*** Opening of Recorded data ***

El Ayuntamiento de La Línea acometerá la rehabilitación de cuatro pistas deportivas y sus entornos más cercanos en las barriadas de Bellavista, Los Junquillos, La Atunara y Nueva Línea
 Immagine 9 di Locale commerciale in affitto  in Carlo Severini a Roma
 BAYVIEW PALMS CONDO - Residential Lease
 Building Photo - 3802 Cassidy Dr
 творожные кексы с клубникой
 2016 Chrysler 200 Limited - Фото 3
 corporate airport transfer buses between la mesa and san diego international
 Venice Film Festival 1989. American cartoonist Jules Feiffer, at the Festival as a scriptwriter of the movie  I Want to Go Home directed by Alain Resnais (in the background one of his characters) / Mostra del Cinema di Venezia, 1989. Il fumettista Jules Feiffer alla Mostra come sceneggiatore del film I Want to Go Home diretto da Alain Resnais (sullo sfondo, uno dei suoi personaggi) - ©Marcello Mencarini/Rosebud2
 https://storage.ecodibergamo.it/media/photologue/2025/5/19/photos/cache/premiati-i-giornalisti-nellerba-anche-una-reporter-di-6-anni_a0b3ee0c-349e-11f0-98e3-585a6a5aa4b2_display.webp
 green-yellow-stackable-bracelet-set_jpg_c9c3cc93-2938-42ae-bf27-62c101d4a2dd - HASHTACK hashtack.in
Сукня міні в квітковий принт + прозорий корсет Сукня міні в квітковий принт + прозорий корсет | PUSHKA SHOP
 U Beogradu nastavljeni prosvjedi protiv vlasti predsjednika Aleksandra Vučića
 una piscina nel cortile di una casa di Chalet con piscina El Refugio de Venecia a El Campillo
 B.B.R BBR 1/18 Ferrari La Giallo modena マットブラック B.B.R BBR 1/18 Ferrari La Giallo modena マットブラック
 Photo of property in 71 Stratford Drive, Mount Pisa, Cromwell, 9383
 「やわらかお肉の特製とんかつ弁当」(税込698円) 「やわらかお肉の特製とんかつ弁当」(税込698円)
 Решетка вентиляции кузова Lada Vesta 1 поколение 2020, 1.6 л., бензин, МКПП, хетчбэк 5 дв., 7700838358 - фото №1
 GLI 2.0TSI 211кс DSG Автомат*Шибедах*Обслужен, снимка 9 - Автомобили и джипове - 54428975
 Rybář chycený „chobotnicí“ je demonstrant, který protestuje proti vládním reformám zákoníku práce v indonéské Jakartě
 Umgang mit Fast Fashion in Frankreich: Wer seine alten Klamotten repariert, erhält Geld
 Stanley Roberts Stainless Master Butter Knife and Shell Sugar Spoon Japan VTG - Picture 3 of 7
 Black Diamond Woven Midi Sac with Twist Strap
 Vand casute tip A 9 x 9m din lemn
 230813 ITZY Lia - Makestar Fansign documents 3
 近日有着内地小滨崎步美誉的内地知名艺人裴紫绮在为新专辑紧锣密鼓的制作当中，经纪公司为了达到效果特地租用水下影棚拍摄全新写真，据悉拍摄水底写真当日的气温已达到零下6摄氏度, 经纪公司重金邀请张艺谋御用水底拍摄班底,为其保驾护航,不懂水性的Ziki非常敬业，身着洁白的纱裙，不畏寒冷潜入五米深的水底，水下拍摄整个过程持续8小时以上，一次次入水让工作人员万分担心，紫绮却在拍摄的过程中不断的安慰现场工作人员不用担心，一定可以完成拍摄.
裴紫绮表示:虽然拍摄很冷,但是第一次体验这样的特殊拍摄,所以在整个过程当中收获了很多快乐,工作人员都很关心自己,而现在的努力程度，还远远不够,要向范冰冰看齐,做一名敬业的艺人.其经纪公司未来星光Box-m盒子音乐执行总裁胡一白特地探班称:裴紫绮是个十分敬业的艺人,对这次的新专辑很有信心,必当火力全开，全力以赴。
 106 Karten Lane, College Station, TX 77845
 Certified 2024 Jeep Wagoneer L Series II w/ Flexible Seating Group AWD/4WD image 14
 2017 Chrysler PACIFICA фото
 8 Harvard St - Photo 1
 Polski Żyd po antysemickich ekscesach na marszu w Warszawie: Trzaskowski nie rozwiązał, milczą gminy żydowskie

*** Close of Recorded data ***

Which lines run from the one with "GLI 2.0TSI 211кс" through the end of the listing above? Restate them word for word, with nothing else.

 GLI 2.0TSI 211кс DSG Автомат*Шибедах*Обслужен, снимка 9 - Автомобили и джипове - 54428975
 Rybář chycený „chobotnicí“ je demonstrant, který protestuje proti vládním reformám zákoníku práce v indonéské Jakartě
 Umgang mit Fast Fashion in Frankreich: Wer seine alten Klamotten repariert, erhält Geld
 Stanley Roberts Stainless Master Butter Knife and Shell Sugar Spoon Japan VTG - Picture 3 of 7
 Black Diamond Woven Midi Sac with Twist Strap
 Vand casute tip A 9 x 9m din lemn
 230813 ITZY Lia - Makestar Fansign documents 3
 近日有着内地小滨崎步美誉的内地知名艺人裴紫绮在为新专辑紧锣密鼓的制作当中，经纪公司为了达到效果特地租用水下影棚拍摄全新写真，据悉拍摄水底写真当日的气温已达到零下6摄氏度, 经纪公司重金邀请张艺谋御用水底拍摄班底,为其保驾护航,不懂水性的Ziki非常敬业，身着洁白的纱裙，不畏寒冷潜入五米深的水底，水下拍摄整个过程持续8小时以上，一次次入水让工作人员万分担心，紫绮却在拍摄的过程中不断的安慰现场工作人员不用担心，一定可以完成拍摄.
裴紫绮表示:虽然拍摄很冷,但是第一次体验这样的特殊拍摄,所以在整个过程当中收获了很多快乐,工作人员都很关心自己,而现在的努力程度，还远远不够,要向范冰冰看齐,做一名敬业的艺人.其经纪公司未来星光Box-m盒子音乐执行总裁胡一白特地探班称:裴紫绮是个十分敬业的艺人,对这次的新专辑很有信心,必当火力全开，全力以赴。
 106 Karten Lane, College Station, TX 77845
 Certified 2024 Jeep Wagoneer L Series II w/ Flexible Seating Group AWD/4WD image 14
 2017 Chrysler PACIFICA фото
 8 Harvard St - Photo 1
 Polski Żyd po antysemickich ekscesach na marszu w Warszawie: Trzaskowski nie rozwiązał, milczą gminy żydowskie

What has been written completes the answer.